-- Opening Marker --

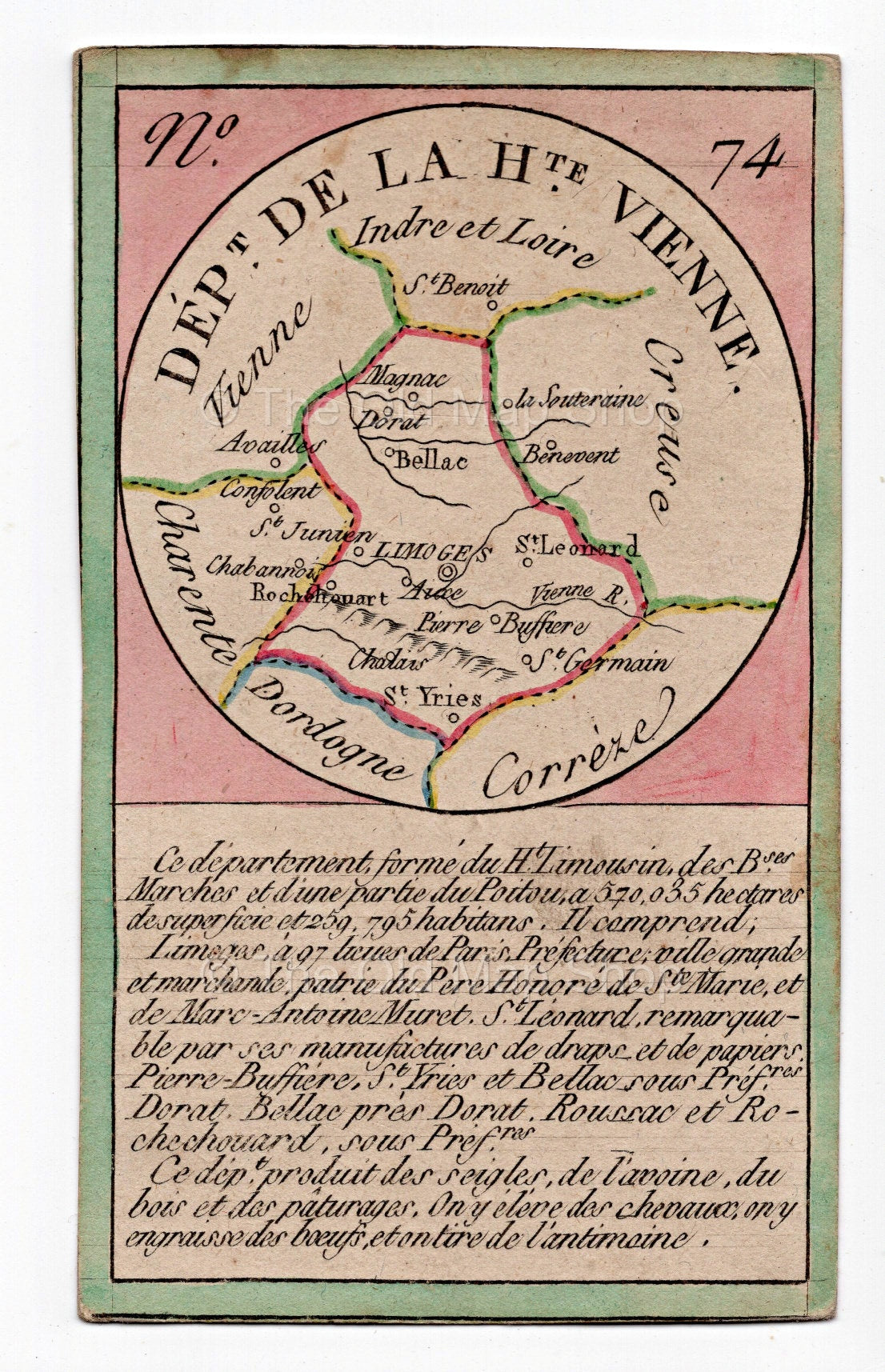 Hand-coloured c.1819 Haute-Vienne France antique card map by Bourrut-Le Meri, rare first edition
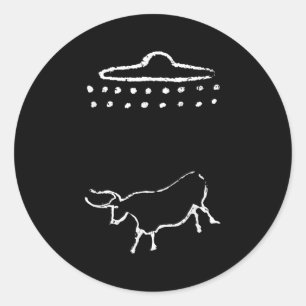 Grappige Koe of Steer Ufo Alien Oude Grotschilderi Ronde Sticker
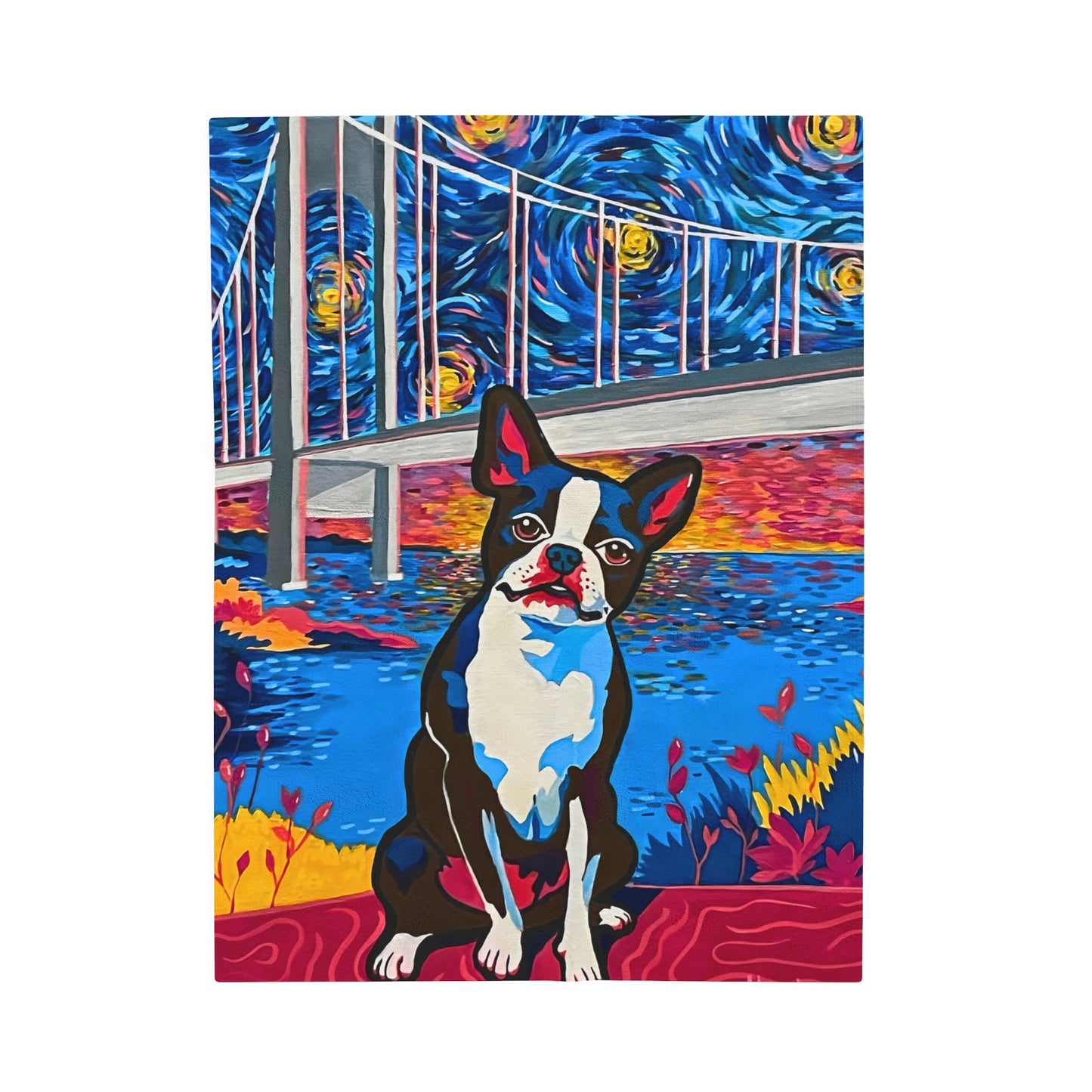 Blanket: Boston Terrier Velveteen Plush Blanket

-- Closing Marker --

__EXERCISE DETAILS__. Every line from the one that holds "Grappige Koe of" to the end of the listing should be output exactly, with pictures left out, please.

__RESPONSE FOR THIS EXERCISE__.
 Grappige Koe of Steer Ufo Alien Oude Grotschilderi Ronde Sticker
 Blanket: Boston Terrier Velveteen Plush Blanket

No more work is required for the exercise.